**Input data:**
------------------------------------

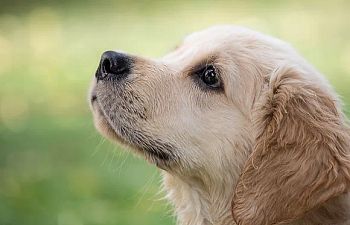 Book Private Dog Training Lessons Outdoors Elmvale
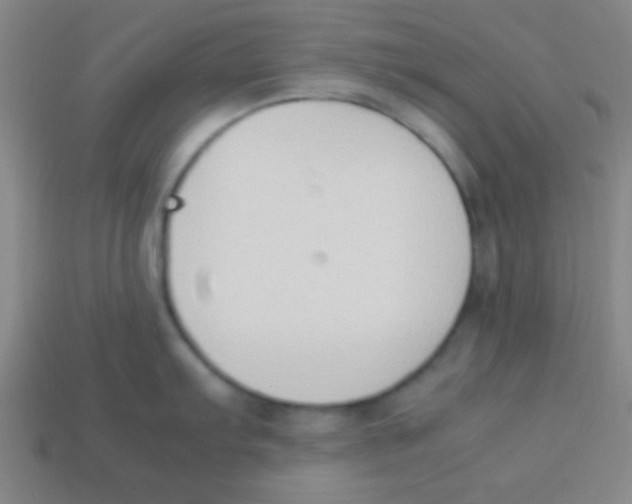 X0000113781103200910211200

------------------------------------

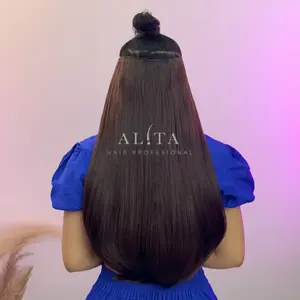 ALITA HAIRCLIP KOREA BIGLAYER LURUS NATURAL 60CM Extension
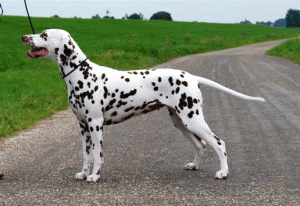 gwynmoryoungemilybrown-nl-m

------------------------------------

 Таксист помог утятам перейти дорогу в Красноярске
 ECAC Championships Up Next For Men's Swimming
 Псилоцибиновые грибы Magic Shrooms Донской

------------------------------------

**Your objective:** Exact copy, no pictures. Write out the lines in the entries above, starting with the line with "Book Private Dog" and going on through the line with "X0000113781103200910211200", keeping both.

**Written reply:**
 Book Private Dog Training Lessons Outdoors Elmvale
 X0000113781103200910211200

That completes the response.